Khan does a beautiful job of presenting the deeply male-centric society of the late 19th and 20th centuries. Readers in our part of the world will identify with many things, such as grown women having to seek their husbands’ permission to go anywhere, or not being allowed to even say their husband’s name; when Feroza does so, her mother warns, “Don’t take the name of your husband. It will reduce his life!” A few of us may have heard this superstition even in the present day.
The women of Feroza’s era are expected to maintain the family honour and remain subservient to the men’s whims. The men, meanwhile, have zero concern for the women’s wishes or emotions. Unfortunately, the case is much the same in Ameera’s era too.
“We females always depend on our fathers or males to rescue us — our default response to our crisis,” Ameera thinks, but this thought merely serves as a reminder that, even when a woman depends on a man to rescue her, this does not guarantee that the man will, in fact, actually rescue her. Feroza had believed her father or husband would rescue her, but neither showed up in her actual hour of need.
There is also a wealth of insights into the lifestyles of the princely families, such as when Daadi explains to Ameera how “cloth merchants would come bearing swathes of silk, jamdanis and malmals before every occasion, for it was inconceivable that the ladies walk in the bazaars.”
The Shia-Sunni divide is given considerable space. Although initially the references seem unnecessary, as the story progresses, the element of sectarianism does affect the actions of some characters.
The tension between the Shia rulers and the Sunni subjects is palpable. Despite differing beliefs, everyone at the court is expected to participate in the Muharram rituals and the majaalis [gatherings] held at the zenana [ladies’ quarters].
Feroza insists on a Sunni nikaah and is adamant that her children be brought up according to Sunni teachings. She protests against her daughter being raised by the Nawab’s elder wife, who is Shia.

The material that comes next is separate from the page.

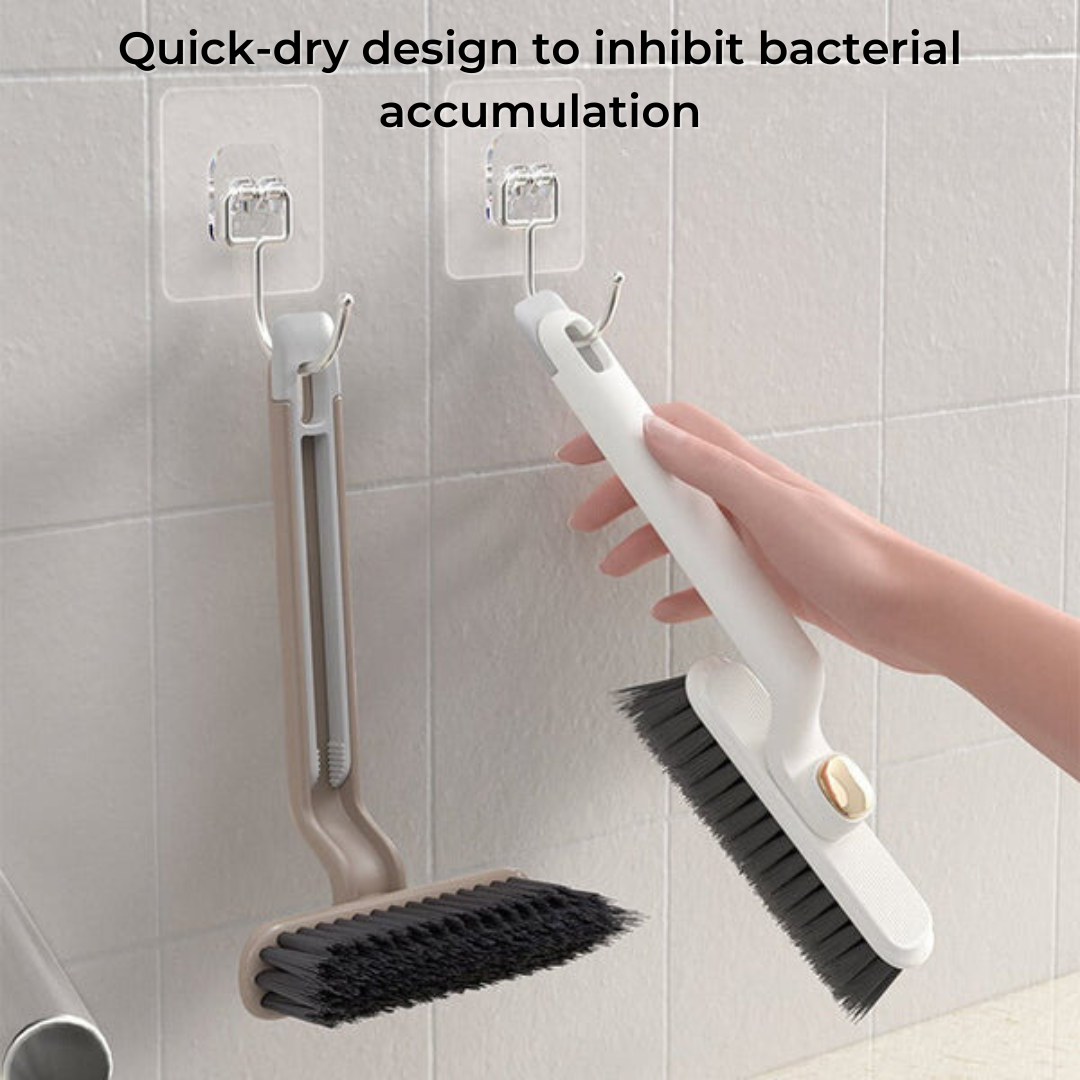 Brotate™ - Multifunctional rotating crevice cleaning brush [Last day discount]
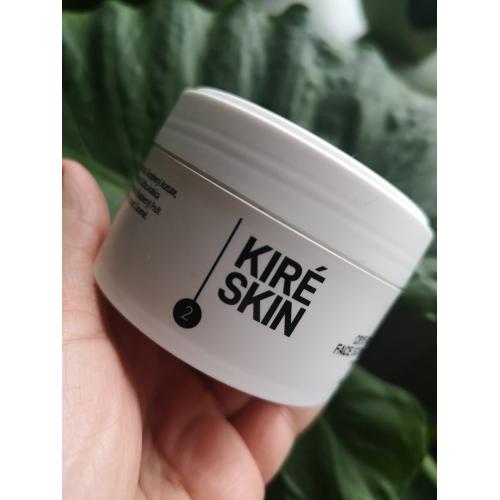 Kire Skin Crystal Face Scrub Herbal and Apple (Kryształowy peeling do twarzy `Zioła & jabłko`) - opinie | zdjęcie do recenzji od dorotaGr89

The daastaangoh deserves special mention. Kallan Mirza is no ordinary storyteller. His father had been a daastaangoh at the court of the Mughal emperor Bahadur Shah Zafar and, despite his obsessive indulgence in opium, Kallan narrates masterpieces that can captivate anyone — indeed, his audience “came from all classes, loved his passionate romancing, his tongue-in-cheek humour and somewhat oblique irony.”
Storytelling was a popular form of entertainment in the days when Feroza’s narrative arc is set, and the skilled tellers of tales had mastered the art of the cliffhanger, ‘ending’ the story at a critical, most exciting juncture that would compel listeners to return for the next session.
The stories also often presented the realities of the times, but in a cloaked manner. Kallan knows this well, for although his story is populated by jinns, fairies and otherworldly beings, it echoes the very real worlds of Feroza and the other begums, trapped in the Nawab’s harem. The women’s reality is not too far from the daastaangoh’s fiction.
One oddity of the book is the detailed captions of photographs that are not there. Although a work of fiction, the plot is inspired by real life and so the inclusion of vintage photographs is a nice touch in bringing readers closer to the novel’s world. But the actual photos are missing.
It may have something to do with the fact that Khan’s novel was initially published in India and there may be reasons why the pictures could not be included in the Pakistan-published version.
Whatever the case may have been, it would have been a good idea for the Pakistani publishers to have taken care, and if they could not have carried the photos in their edition, to have taken out the captions altogether.